• [MATERIAL SHOWN]:
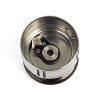 Катушка Nautilus Grinder 2000 NEW - купить по доступной цене Интернет-магазине Наутилус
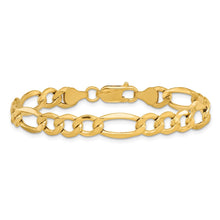 Load image into Gallery viewer, BRACELET - LINK | BC97-7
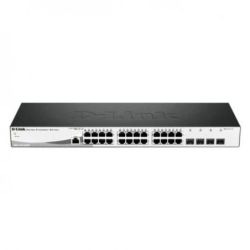 D - Link Switch D - Link 28...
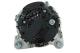 VEMO V10-13-50003 - ALTERNADOR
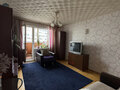 Продажа квартиры: Екатеринбург, ул. Расточная, 22 (Старая Сортировка) - Фото 7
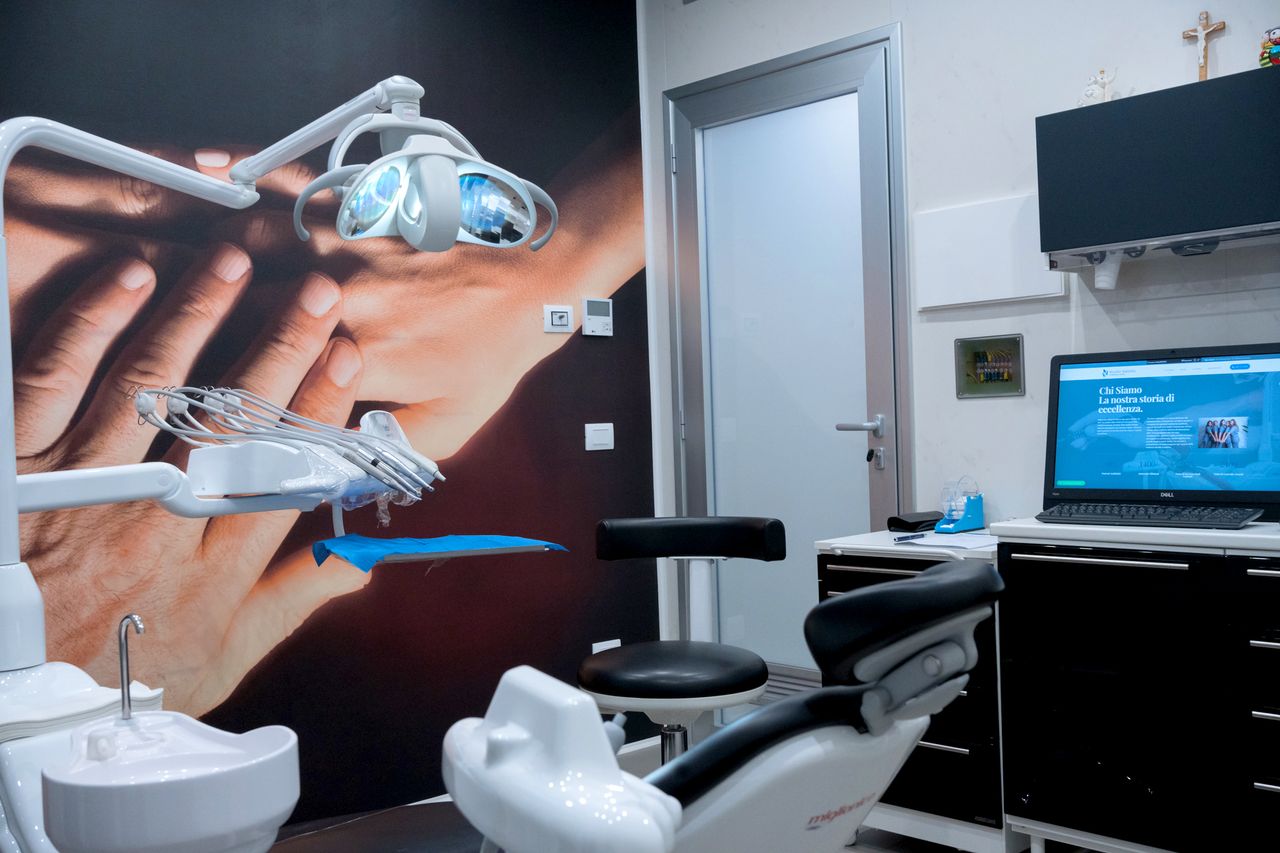 Vincenzo Santillo-51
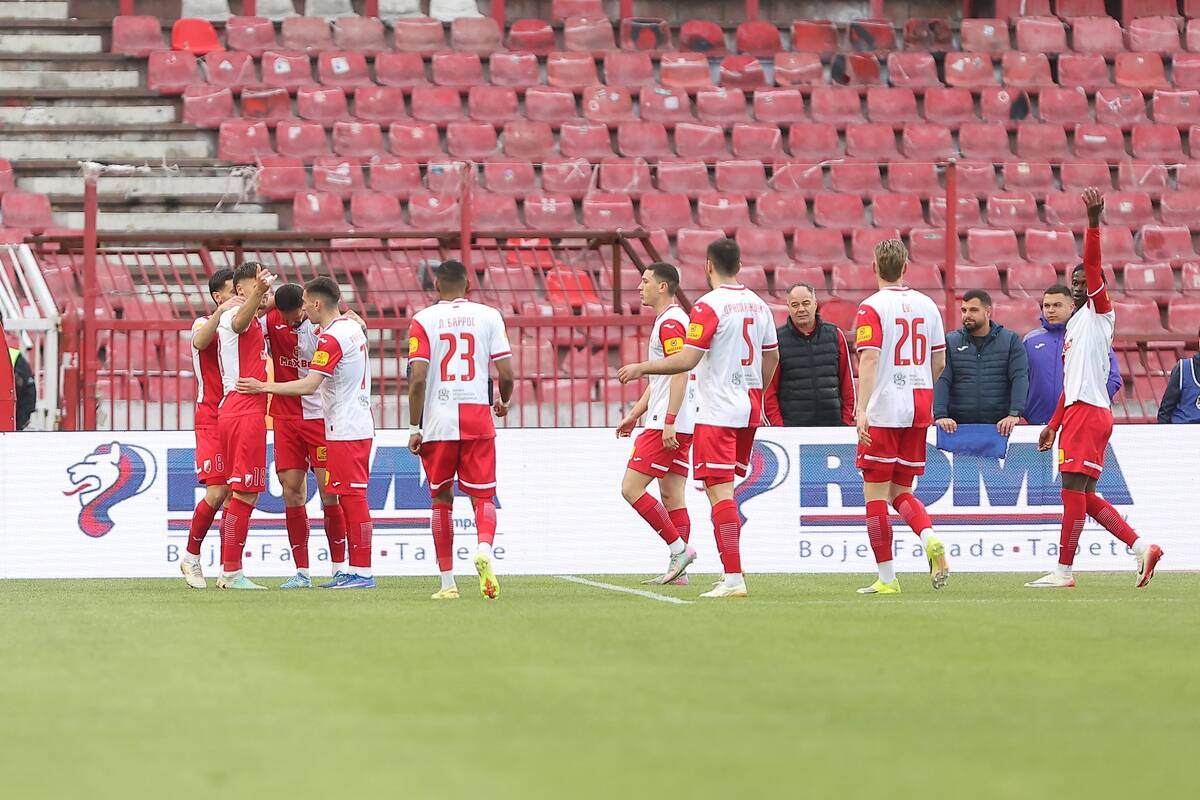 Grafičar - Vojvodina 9.JPG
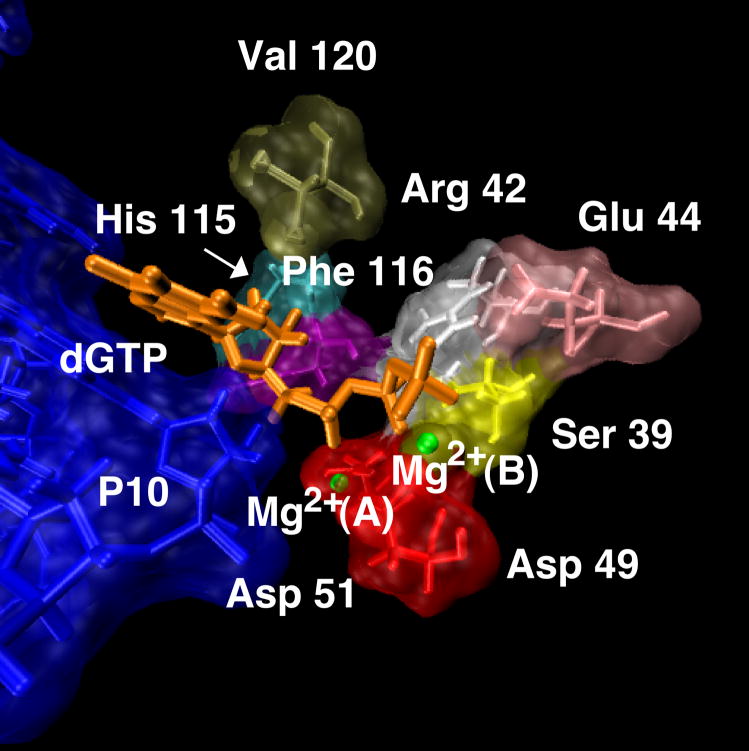 Figure 7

• [TASK TO CARRY OUT]:
Give back the whole listing as it stands, minus its pictures.

• [ANSWER]:
 Катушка Nautilus Grinder 2000 NEW - купить по доступной цене Интернет-магазине Наутилус
 Load image into Gallery viewer, BRACELET - LINK | BC97-7
 D - Link Switch D - Link 28...
 VEMO V10-13-50003 - ALTERNADOR
 Продажа квартиры: Екатеринбург, ул. Расточная, 22 (Старая Сортировка) - Фото 7
 Vincenzo Santillo-51
 Grafičar - Vojvodina 9.JPG
 Figure 7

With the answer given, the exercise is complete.